# Backfill and Rebuild

## The Problem

You deployed a new "order analytics" projection to production, but it only processes events from now on. You have 2 years of order history sitting in the event store. How do you populate the projection with historical data? And later, when you fix a bug in the projection logic, how do you replay everything?

## Choosing the Right Strategy

Before reaching for rebuild, consider the lighter alternatives. The cheapest fix is the one that doesn't require replaying any history at all.

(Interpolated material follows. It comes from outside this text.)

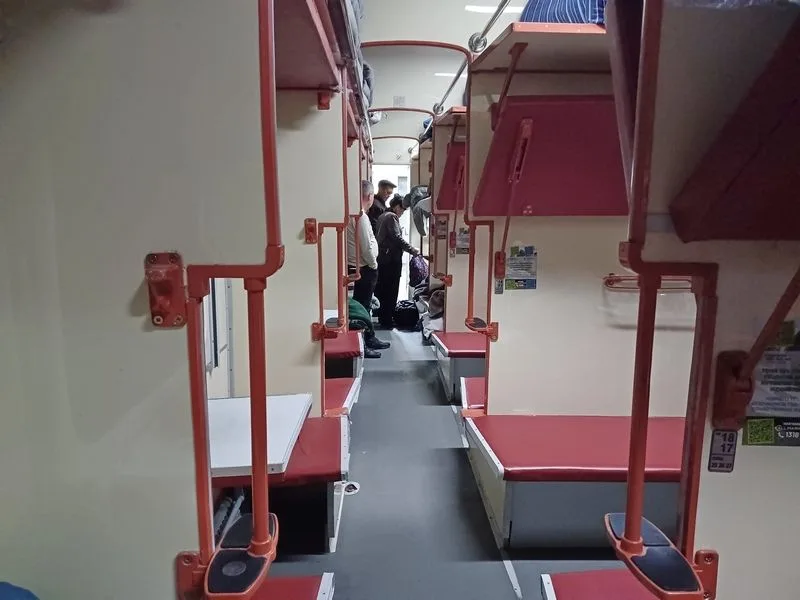 Tren que cruza la frontera entre Uzbekistán y Kazajistán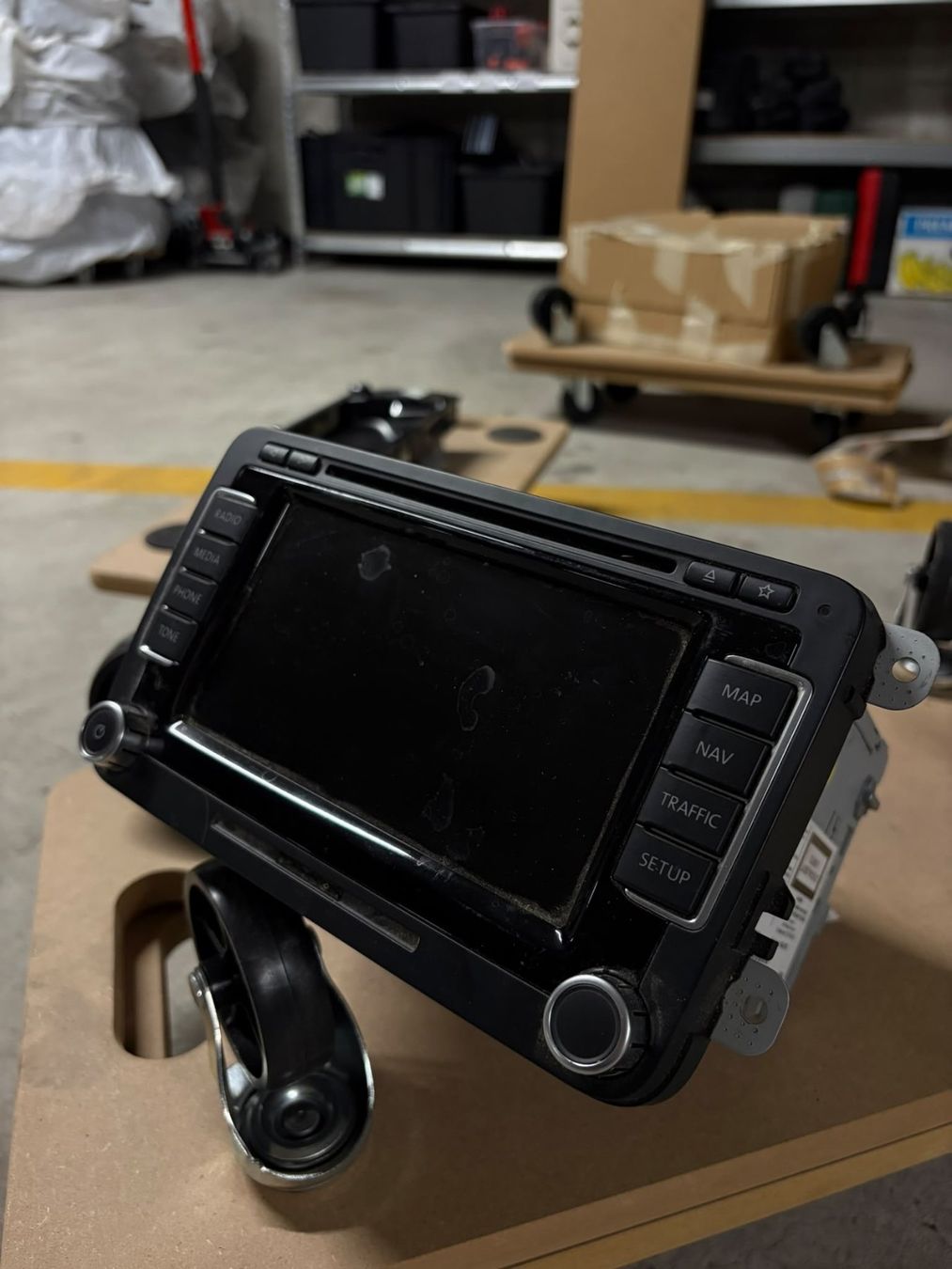Tutti pezzi di ricambio auto: Original VW Autoradio – Usato da Steinmaur venduto da Meilenwerk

| Situation                                                                      | Strategy                                                                                                | Cost                                 |
| ------------------------------------------------------------------------------ | ------------------------------------------------------------------------------------------------------- | ------------------------------------ |
| Adding a column where historical rows can use a default value                  | **Default value migration** (no replay)                                                                 | Five-minute deploy                   |
| Adding a brand-new projection that has no data yet                             | **Backfill**                                                                                            | One pass over history                |
| Fixing a bug in a small projection where downtime during rebuild is acceptable | **Rebuild** (in-place)                                                                                  | Read model empty during rebuild      |
| Fixing a bug in a large or user-facing projection                              | [**Blue-green deployment**](/modelling/event-sourcing/setting-up-projections/blue-green-deployments.md) | v1 keeps serving while v2 catches up |

### The No-Rebuild Tactic: Default Values

If you are adding a new column to a projection, the first conversation to have is with Product, not with ops: **can historical rows use a default value?**

Often yes. "We're adding a `priority` column — historical tickets without explicit priority can show as `normal`" is a five-minute deploy: extend `#[ProjectionInitialization]` with an idempotent migration, and the new handler computes the real value for events from now on.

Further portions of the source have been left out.